Re: convection/microwave manuel

Welcome to the forum, Velma!

The word "convection" just means 'hot air' (and no politician jokes, please!)

The normal microwave doesn't brown stuff like cookies or green bean casseroles. So, they added heating elements to the microwave and a fan to blow the hot air around inside. The convection part will work along with the microwave part.

The biggest change from a normal oven is the cooking times. There are recipe books specially published for microwave / convection ovens, but a little trial-and-error goes a long way, too.


----------



## cake04 (Jun 4, 2009)

Re: convection/microwave manuel

Thanks for the answer.  I am glad I found this form and will be here often to get all kinds of info.  But I don't know how to turn the convection part on to make it work.  I am not up to any change of any thing but a campfire. I know how to put wood on a fire and cook potatoes.


----------



## LEN (Jun 4, 2009)

Re: convection/microwave manuel

Only thing I could find was an 800 number for the magic chef.

800-688-1120


LEN


----------



## cake04 (Jun 4, 2009)

RE: convection/microwave manuel

Thanks Len we called them before but the unit is over 20 yrs old and they don't keep manuals that long.  Guess they didn't expect it to last thatlong.


----------



## TexasClodhopper (Jun 5, 2009)

Re: convection/microwave manuel

My daddy always told me, "Do what you know, son, do what you know."

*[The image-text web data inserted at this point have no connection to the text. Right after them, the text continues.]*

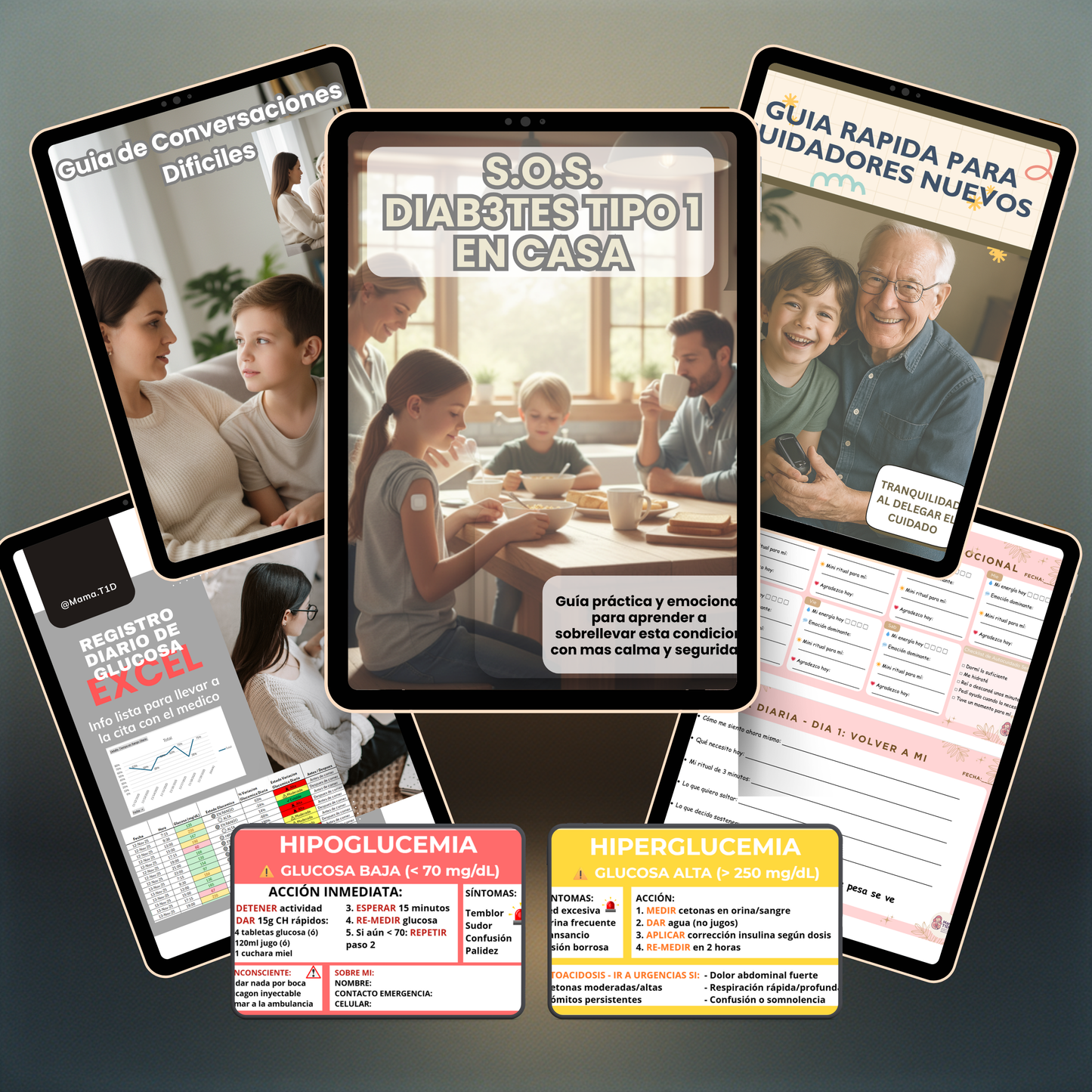 S.O.S: DIAB3TES TIPO 1 EN CASA + 5 BONUS EXTRAS!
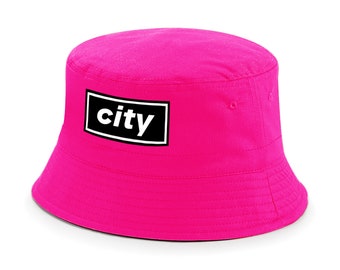 CITY Logo BUCKET Hat Unofficial Mancunian Oasis Inspired Design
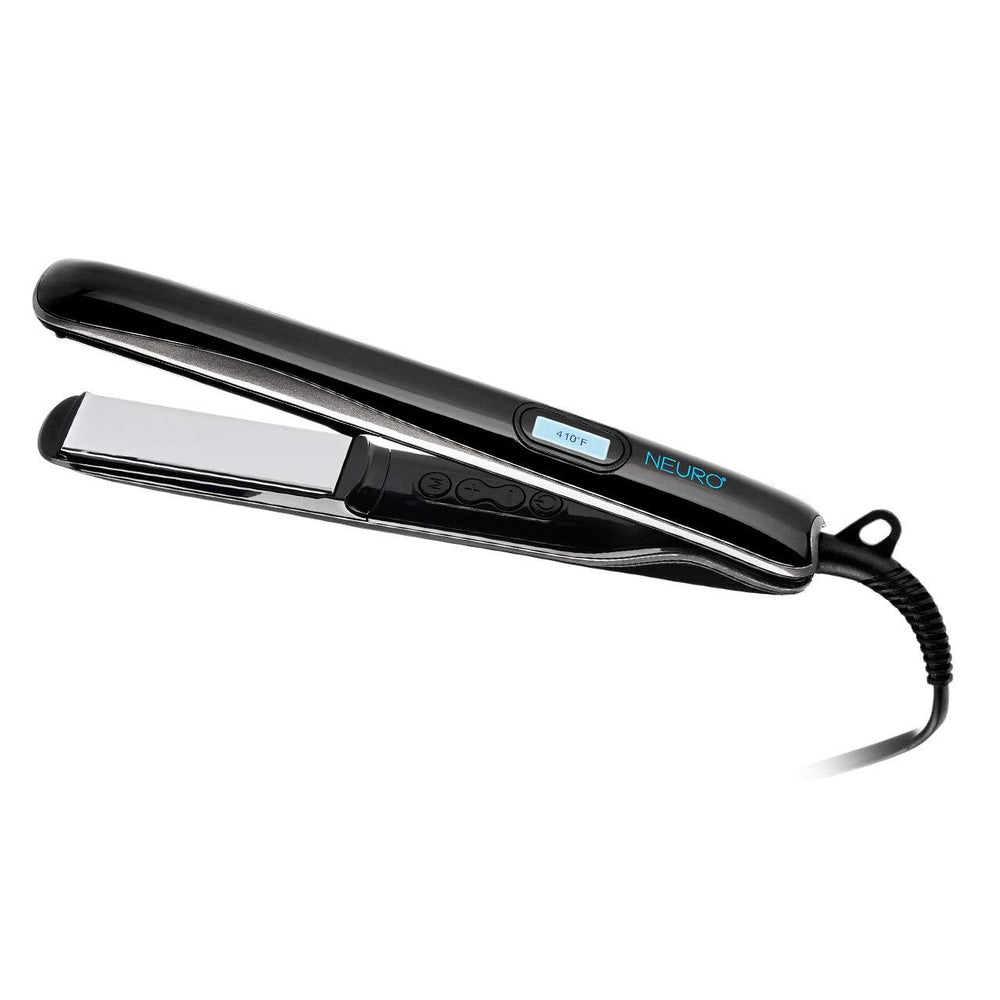 Neuro Paul Mitchell titanium flat iron 1-inch angled shot for quick, even heat styling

So, build a fire in the oven and bake a potato!   :clown: 

Seriously, find a teenager and put them to work on it. They'll figure out which buttons to push.


----------



## brodavid (Jun 5, 2009)

Re: convection/microwave manuel

Tex , you are so right, tell them we are going to have pizza, but I can not figure out the setting, then it will work


----------



## cake04 (Jun 5, 2009)

Re: convection/microwave manuel

Thanks guys you have had some better ideas than me.  The kids working the thing will work for me.


----------